OREANDA-NEWS. Fitch Ratings has assigned a 'BBB-' rating to the expected issuance of the following Buffalo and Erie County Industrial Land Development Corporation bonds issued on behalf of Orchard Park CCRC, Inc. d/b/a Fox Run at Orchard Park (Fox Run):

--\$47,255,000 revenue refunding bonds, series 2015 (Orchard Park CCRC, Inc. Project)

The Rating Outlook is Stable.

The series 2015 bonds are expected to be issued as fixed rate. Bond proceeds will be used to refund Fox Run's outstanding series 2006A bonds, fund a variety of capital projects, fund a debt service reserve fund, and pay cost of issuance. Maximum annual debt service (MADS), which was provided by the underwriter, is expected to be \$3.3 million. The bonds are expected to be sold via negotiation within the next month.

Security
Pledge of gross revenues, a mortgage, and a debt service reserve fund.

KEY RATING DRIVERS

STRONG OPERATING METRICS: Over the past four audited years, Fox Run at Orchard Park's (Fox Run) operating ratio has averaged 95.3% and its net operating margin - adjusted at 34.1%, both stronger than Fitch's 'BBB' category medians of 97.4% and 20.4%, respectively. The solid underlying operating performance has produced strong revenue-only coverage of 1.1x in fiscal 2014, which is particularly strong for a Type 'A' contract facility.

MIXED LIQUIDITY INDICATORS: Fox Run's days cash on hand (DCOH) of 479 is strong reflecting, in part, its small revenue base (\$14.9 million in 2014). Cash to debt of 40.3% and pro forma cushion of 5.1x at March 31, 2015 are weak relative to the respective 'BBB' category medians of 60.2% and 6.9x. However, since 2011, Fox Run's absolute cash and investment level has more than quadrupled to \$16.5 million at March 31, 2015, reflecting the improving occupancy and strong core operating performance.

SOLID OCCUPANCY: Fitch views Fox Run's current occupancy levels as a credit strength. Fox Run opened and was filling up at the height of the recession in 2008 but struggled, with IL occupancy at just 65% in 2010. The current management was brought in at approximately that time and has significantly improved sales and marketing, leading to improved occupancy. At March 31, 2015, independent living (IL) occupancy was at 92%, assisted living/memory care occupancy was 87%, and skilled nursing occupancy was 96%.
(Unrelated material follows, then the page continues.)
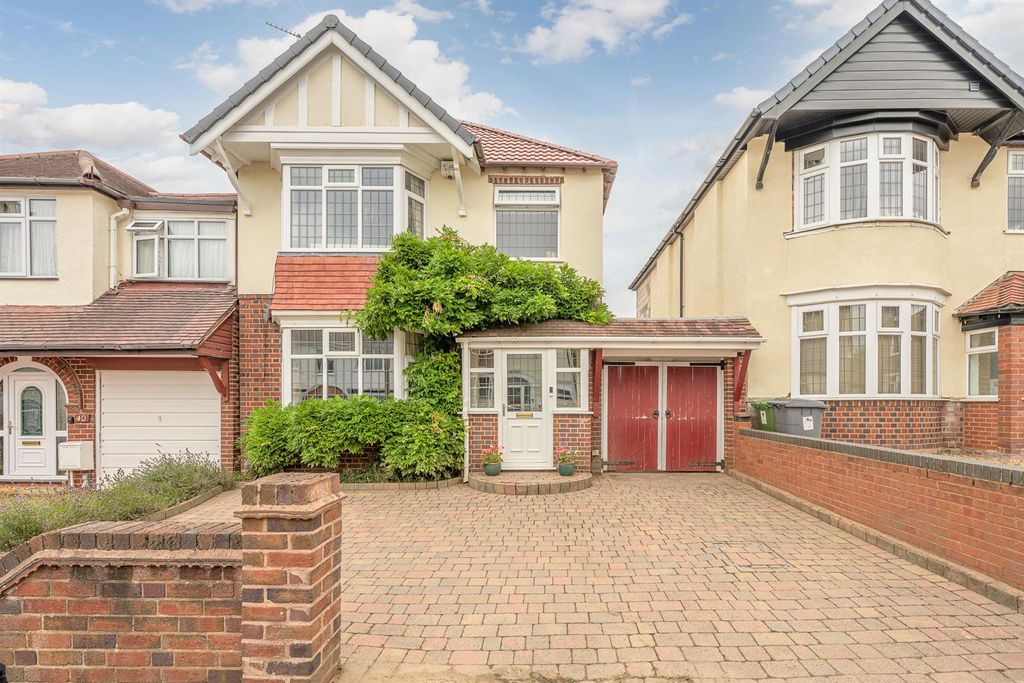 Property photo 1 of 25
HIGH DEBT BURDEN: Fox Run's debt burden is elevated as indicated by MADS as a percent of 2014 revenue of 21.9% compared to the 'BBB' category median of 12.4%.

RATING SENSITIVITIES

CONTINUED TREND IN PERFORMANCE: Fitch expects Orchard Park CCRC, Inc. d/b/a Fox Run at Orchard Park to maintain its current levels of performance, with IL occupancy remaining above 90%, liquidity continuing to grow, and the debt burden continuing to moderate. Continued growth in liquidity and improvement in debt service coverage could lead to an upgrade over the medium term. A sustained fall-off from current levels of performance or a drop in liquidity could lead to negative rating pressure.

CREDIT PROFILE
Opened in 2007, Fox Run operates a not-for-profit life-care community in Orchard Park, NY, which is located just south of Buffalo. Fox Run has 180 IL units (30 patio homes and 150 apartments), 52 assisted living (AL) suites (including 18 memory care units) and 50 skilled nursing beds. Total operating revenues in 2014 were \$14.9 million.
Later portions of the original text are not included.